Der Sportwissenschaflter und Radfahrlehrer Christian Burmeister, der seit fast 30 Jahren Radfahrkurse gibt, findet die Lagerkämpfe falsch und sinnlos. Er plädiert für einen emanzipierten Umgang mit dem Thema. Ihm geht es darum, den Helm mit Sinn und Verstand einzusetzen.

Der Radfahrlehrer ist auch oft  unterwegs ohne Helm © Burmeister
Der Radfahrlehrer ist auch oft unterwegs ohne Helm. © Burmeister

Um seine Haltung zu verdeutlichen, zieht der Sportwissenschaftler gerne den Vergleich mit einer Schwimmweste: „Natürlich kann man bereits in einer Pfütze ertrinken“, sagt er. In einer Badewanne würde etwa niemand Kindern eine Schwimmweste anlegen; bei einer Paddeltour mit der Familie auf der Alster steckt er seine Kinder in die Weste – selbst, wenn die Alster nur 0,5 Meter bis 1,5 Meter tief ist.
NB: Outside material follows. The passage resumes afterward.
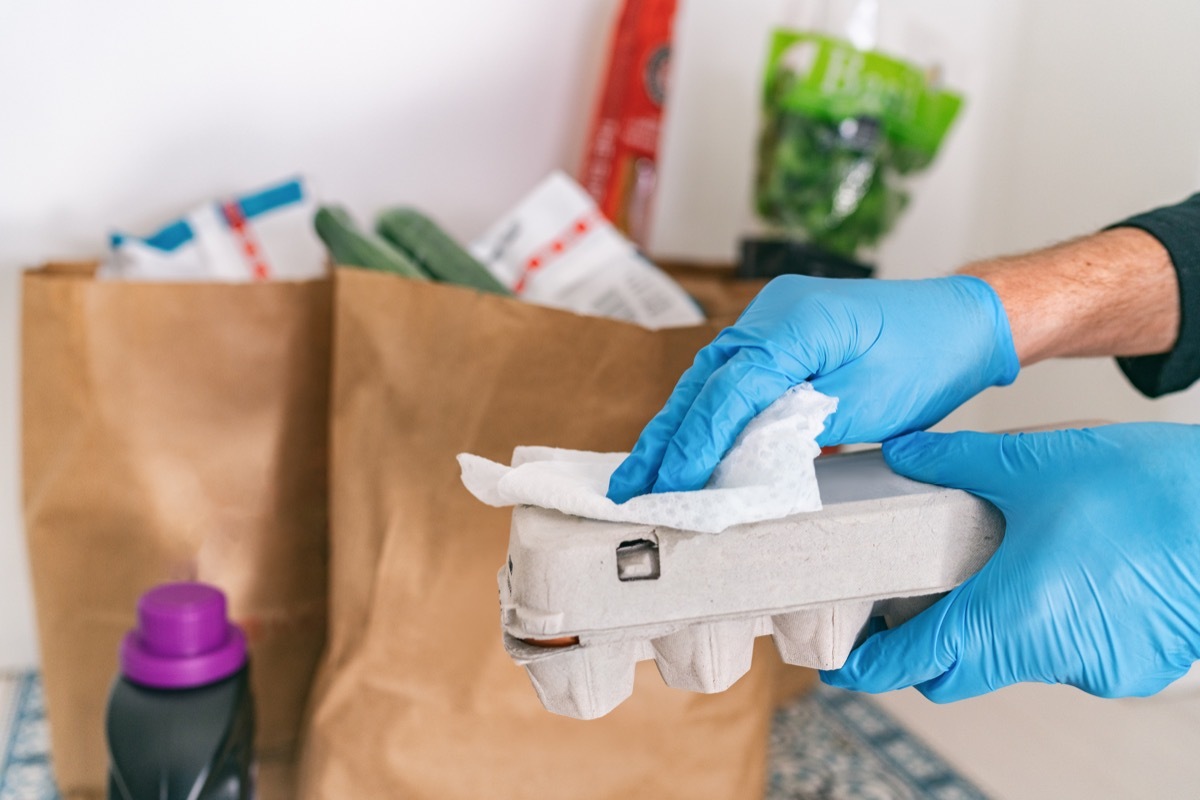 Person sanitizing grocery packages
Burmeister selbst verzichtet in dem Moment auf die Weste, weil er dort überall stehen kann. Wenn er dagegen auf der Elbe paddelt, legt er die Schwimmweste an.

Ähnlich hält es der Sportwissenschaftler im Straßenverkehr. Ist er auf viel befahrenen Straßen unterwegs, wo die Wagen mit 60 Stundenkilometern an ihm vorbeirauschen, trägt er beim Radfahren einen Helm. Weiß er, dass er nur kurze Stecken in verkehrsberuhigten Seitenstraßen radelt, lässt er den Helm zu Hause.
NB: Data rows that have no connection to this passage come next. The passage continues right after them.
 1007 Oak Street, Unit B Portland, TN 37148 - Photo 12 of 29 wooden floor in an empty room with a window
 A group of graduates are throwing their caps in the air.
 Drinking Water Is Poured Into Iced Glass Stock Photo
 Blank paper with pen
Er ist der Meinung, dass Kinder im Hinterhof durchaus ohne Helm Rad fahren dürfen. So würden sie ihre Grenzen besser kennenlernen und ein besseres Gefühl fürs Radfahren entwickeln. Außerdem sagt er: „Beim Fußballspielen fallen sie viel öfter auf die Nase als mit dem Fahrrad.“

Burmeister ist die Botschaft wichtig, welche Botschaft man aussendet, wenn man immer einen Helm trägt. Sie lautet: Radfahren ist gefährlich! Das sei aber nicht der Fall. Den Kleinen fehle im Straßenverkehr nur das Augenmaß für brenzlige Situationen. Das haben Erwachsene ihnen voraus. Die Grabenkriege um das Thema findet er ermüdend.

Außerdem wird eines in der Helmdebatte immer gerne vergessen: Sichere Straßen sind der beste Garant für sicheres Radfahren.